Au total, les PCE en janvier, qui sera publié à la fin du mois devrait connaitre une progression bien plus modérée que le CPI. On devrait voir une légère décélération de l’inflation, mais très insuffisante pour faire changer la stratégie de patience de la Fed. En effet, l’indice cœur du PCE devrait encore progresser de 2,6% en glissement annuel.
La production industrielle américaine a nettement progressé sur le mois de janvier (+0,5%), mais ce fut essentiellement dû à la hausse de la production énergétique à cause de la vague de froid qui a touché le pays. Du côté de l’activité manufacturière, la situation a été bien différente avec un recul de l’activité de 0,1%, notamment du fait de la réduction de la production d’automobiles.

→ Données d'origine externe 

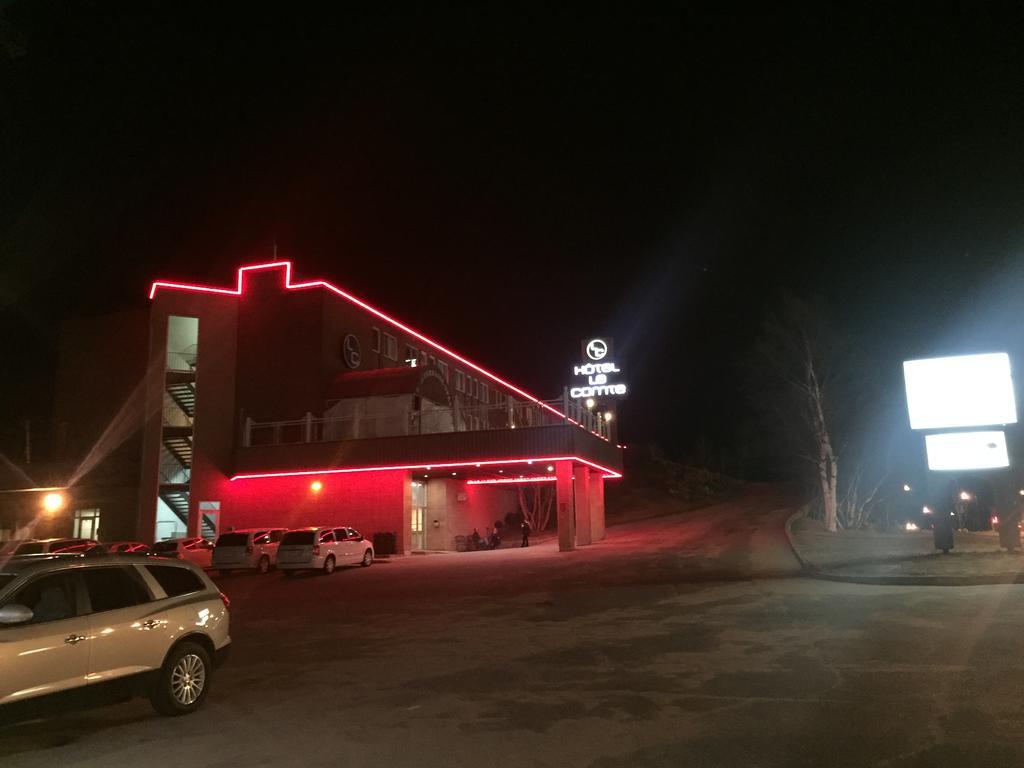 Travelodge By Wyndham Baie Comeau Exterior photo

En partie, ceci est aussi dû à une correction de la forte hausse de la production manufacturière du mois précédent. De fait, en glissement annuel, le secteur montre une progression, reflétant l’embellie progressive qu’il connait depuis quelques mois
A ce stade il est difficile de dire si la production va de nouveau ralentir, notamment du fait d’une demande qui pourrait s’avérer moins porteuse, notamment sur les voitures, alors que les subventions à l’achat de véhicules électriques devraient s’arrêter. On verra dans l’ISM de février si l’embellie se poursuit.

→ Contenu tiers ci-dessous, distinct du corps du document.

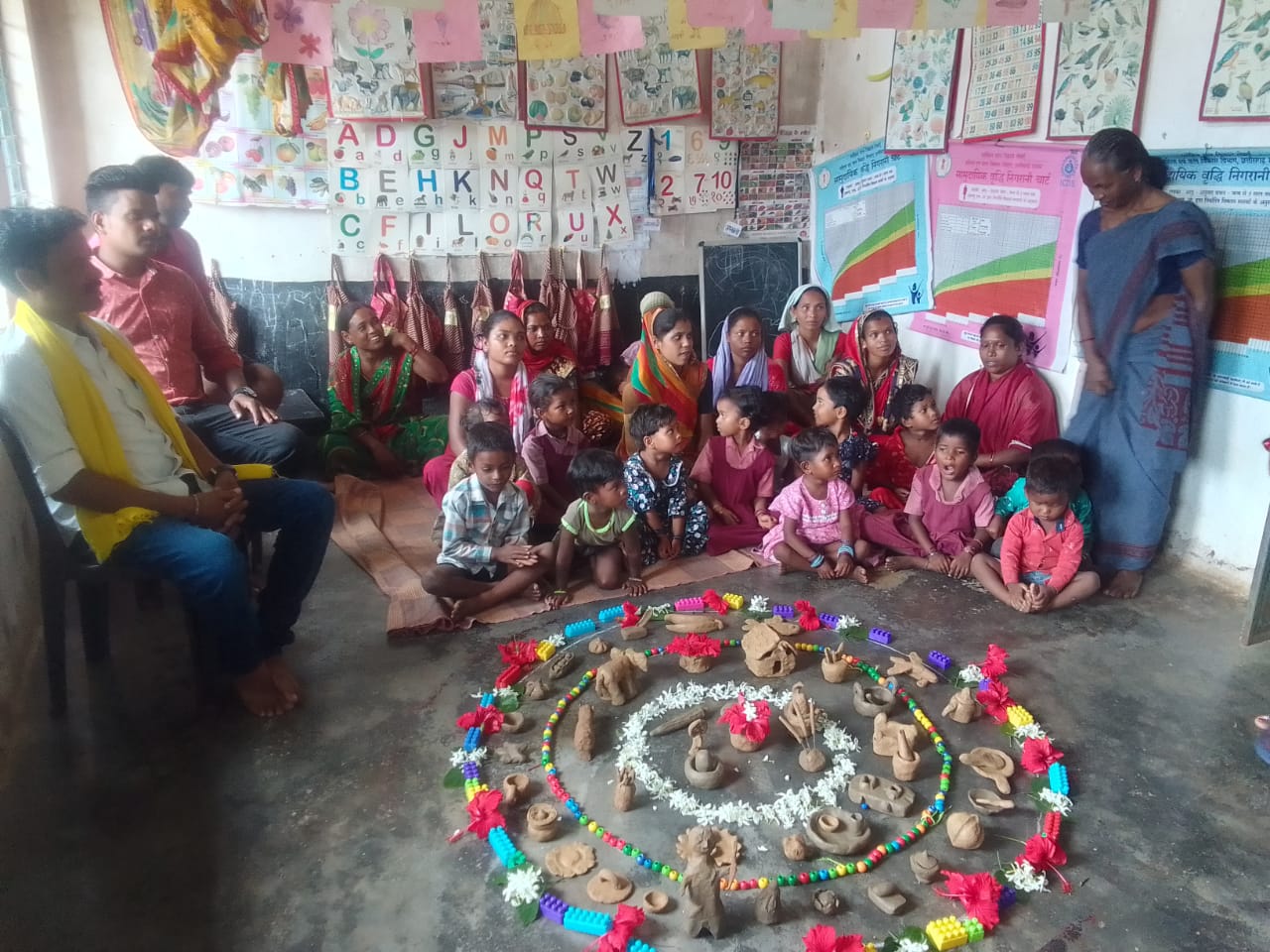 *छत्तीसगढ़ रजत जयंती महोत्सव :&nbsp;कुनकुरी, केराडीह एवं फरसाबाहर में टॉय मेकिंग वर्कशॉप एवं महतारी मेगा हेल्थ कैंप का हुआ आयोजन*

En Europe, les chiffres d’activité ont été assez décevant en fin d’année. De fait, la première estimation de la croissance du PIB de la Zone euro pour le 4T24 était une stagnation. La bonne nouvelle est que la zone euro a finalement réussi à afficher une très légère croissance dans le dernier trimestre de 2024, à 0,1%.
Ainsi, malgré la contraction en France et en Allemagne, la Zone, tirée par la périphérie mais aussi par les Pays-Bas (qui explique la révision à la hausse du PIB de la zone), a tout de même réussi à afficher de la croissance.
Le début d’année devrait encore être difficile en termes de croissance, mais la poursuite de l’assouplissement monétaire devrait donner un peu plus d’élan à l’activité, surtout en deuxième partie d’année, en faisant l’hypothèse de mesures très modérées de la part des Etats-Unis concernant le commerce extérieur.
Au Royaume-Uni, alors que les estimations mensuelles du PIB semblaient s’orienter vers une contraction du PIB en fin d’année, l’estimation a été un peu plus favorable avec une très légère expansion de 0,1%.
Toutefois, on a tout de même pu constater que la contribution de la demande privée avait bien été négative sur le trimestre, notamment celle de la consommation.
En fait, le PIB a essentiellement progressé en fin d’année grâce à la dépense publique.
Nous attendons toujours que la BoE poursuive son assouplissement monétaire, même si à un rythme modéré vu les mauvaises surprises sur l’inflation. Surtout, comme le prévoit la Banque centrale la dynamique d’inflation sera défavorable en ce début d’année, notamment du fait des hausses de taxes. Ceci devrait aider l’activité à terme.
Néanmoins, le panorama d’inflation plus élevé pour les mois à venir pourrait encore limiter la consommation, affectant la croissance.
En même temps, ceci devrait aussi à terme aider à adoucir les tensions sur l’inflation sous-jacente et donner plus de moyens de baisse à la BoE.
Il reste aussi à voir ce que le gouvernement travailliste va faire sur la trajectoire des finances publiques. Est-ce que la nouvelle stratégie pro-croissance devra être un peu écornée afin d’ajuster davantage les dépenses ? Le marché reste en effet très focalisé sur le besoin de consolider la trajectoire du déficit afin de soulager les tensions sur les taux longs. C’est une des clés pour déterminer la trajectoire économique du pays pour les trimestres à venir.